• _What is expected_: All lines from the one containing "Bateria bidetowa Balneo Cascade model 1 inox" through the last line of the listing below are to be copied exactly. Exclude the pictures.

• _Provided data_:
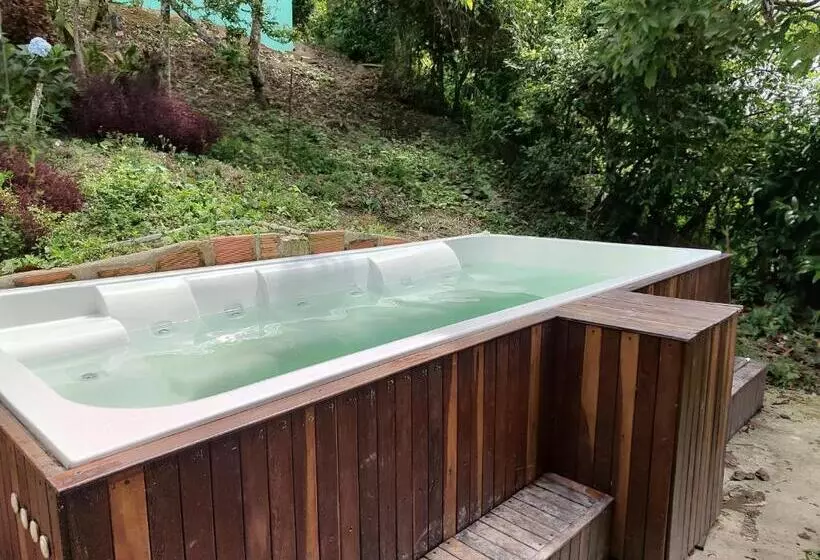 ホテル Eco Aldea Topacio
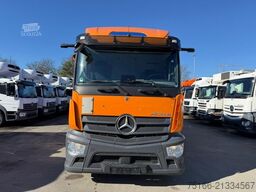 MERCEDES-BENZ ACTROS 1832 L Pritsche/Plane 7,20 m LBW 1,5 T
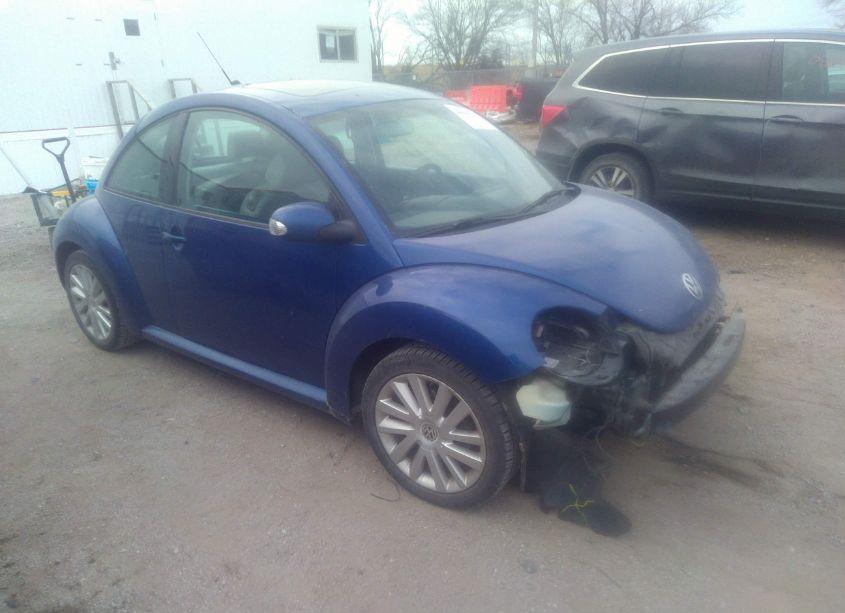 2008 Volkswagen New BEETLE S/SE (VIN 3VWRW31C98M526259) main photo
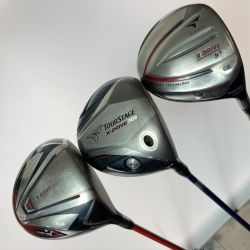 ◎◎ Bridgestone ブリヂストン ツアーステージ X-DRIVE GR 705 709 ドライバー 3本セット Cランク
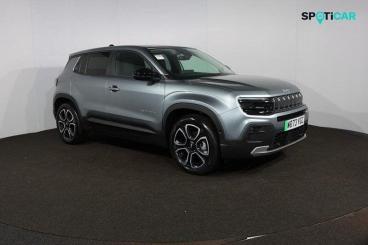 SPOTICAR Jeep Avenger 54kwh Summit Auto 5dr Used Car - Suv Electric Grey - Falkirk - 1200598761_1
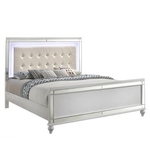 NEW CLASSIC VALENTINO-QUEEN-3PC-BED-PKG-WH
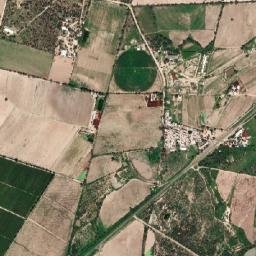 El Vergel map(satellite map)
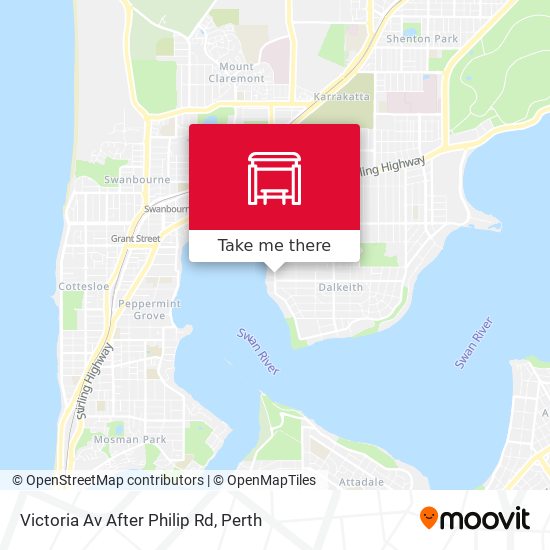 Victoria Av After Philip Rd map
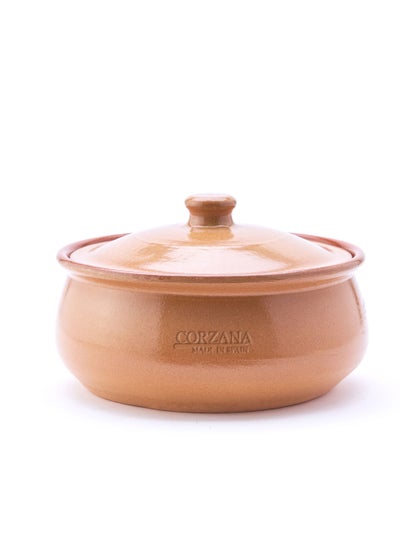 Buy Spanish pottery pot size 19 in Saudi Arabia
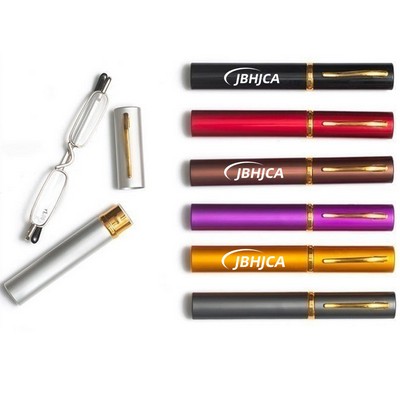 Slim Pocket Reading Eye Glasses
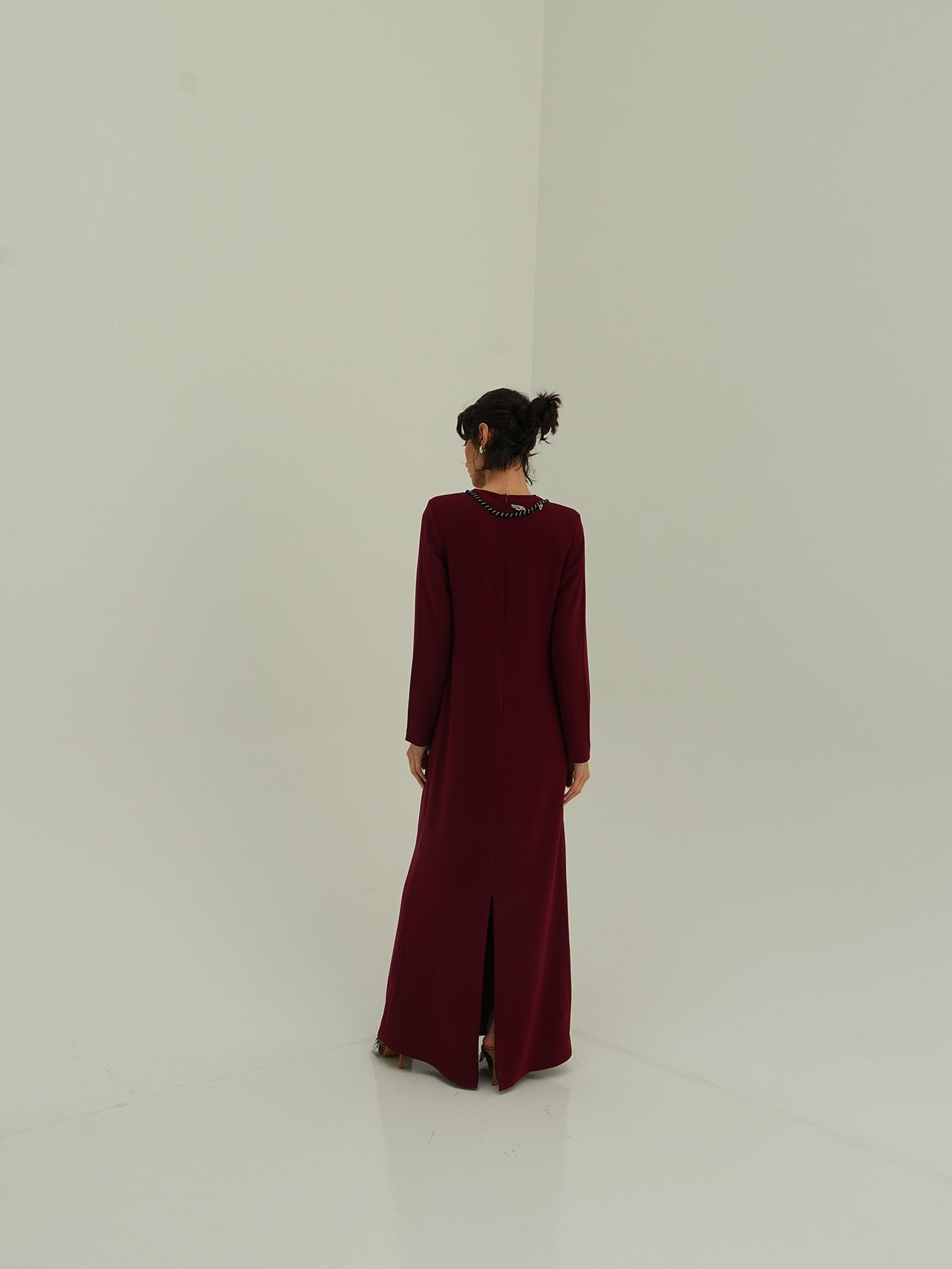 Calla Lily Frame Dress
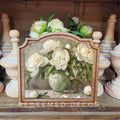 Redeemed Decor Provincial Muted Peony Framed Art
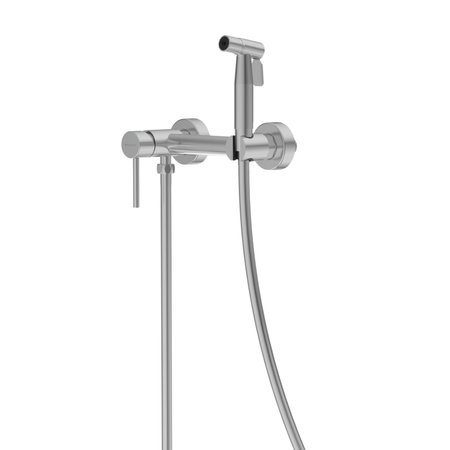Bateria bidetowa Balneo Cascade model 1 inox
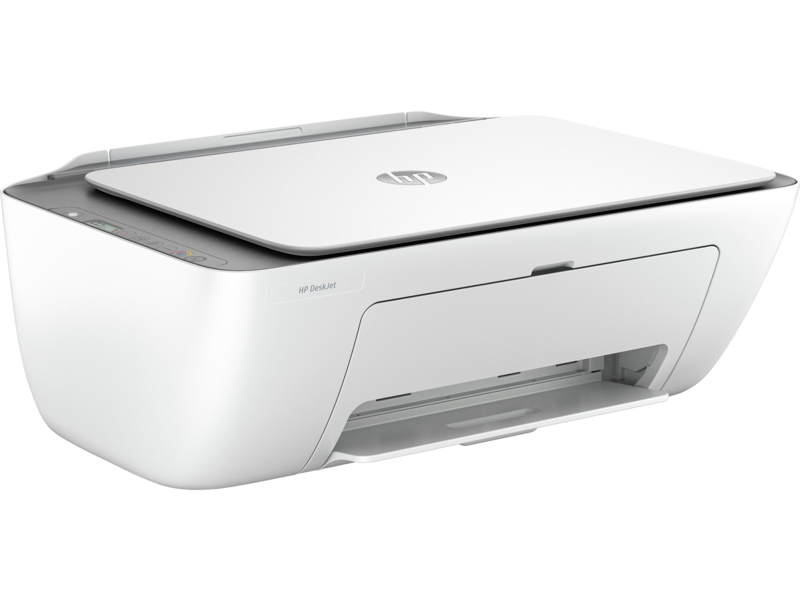 HP DeskJet 2820e Imprimante tout en un - Jet d'encre couleur – 3 mois  d'Instant Ink inclus avec HP+ (Photocopie, Scan, Impression, Wifi),  Argent,Blanc, Taille unique : : Informatique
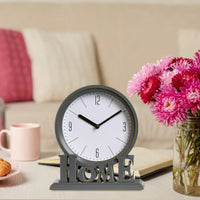 Vintage-Style Silent Desk Clock 20cm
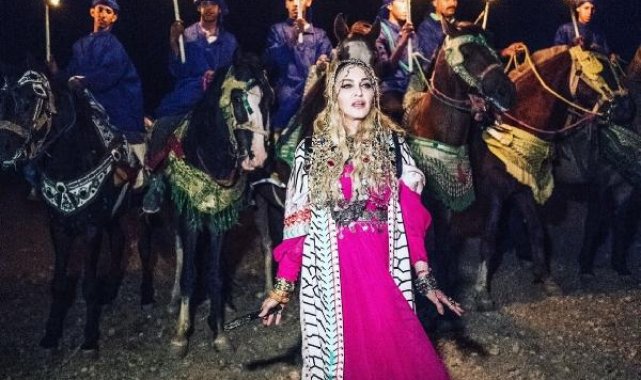 Madonna'dan Fas depremi için yardım çağrısı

• _Reply to the exercise_:
Bateria bidetowa Balneo Cascade model 1 inox
 HP DeskJet 2820e Imprimante tout en un - Jet d'encre couleur – 3 mois  d'Instant Ink inclus avec HP+ (Photocopie, Scan, Impression, Wifi),  Argent,Blanc, Taille unique : : Informatique
 Vintage-Style Silent Desk Clock 20cm
 Madonna'dan Fas depremi için yardım çağrısı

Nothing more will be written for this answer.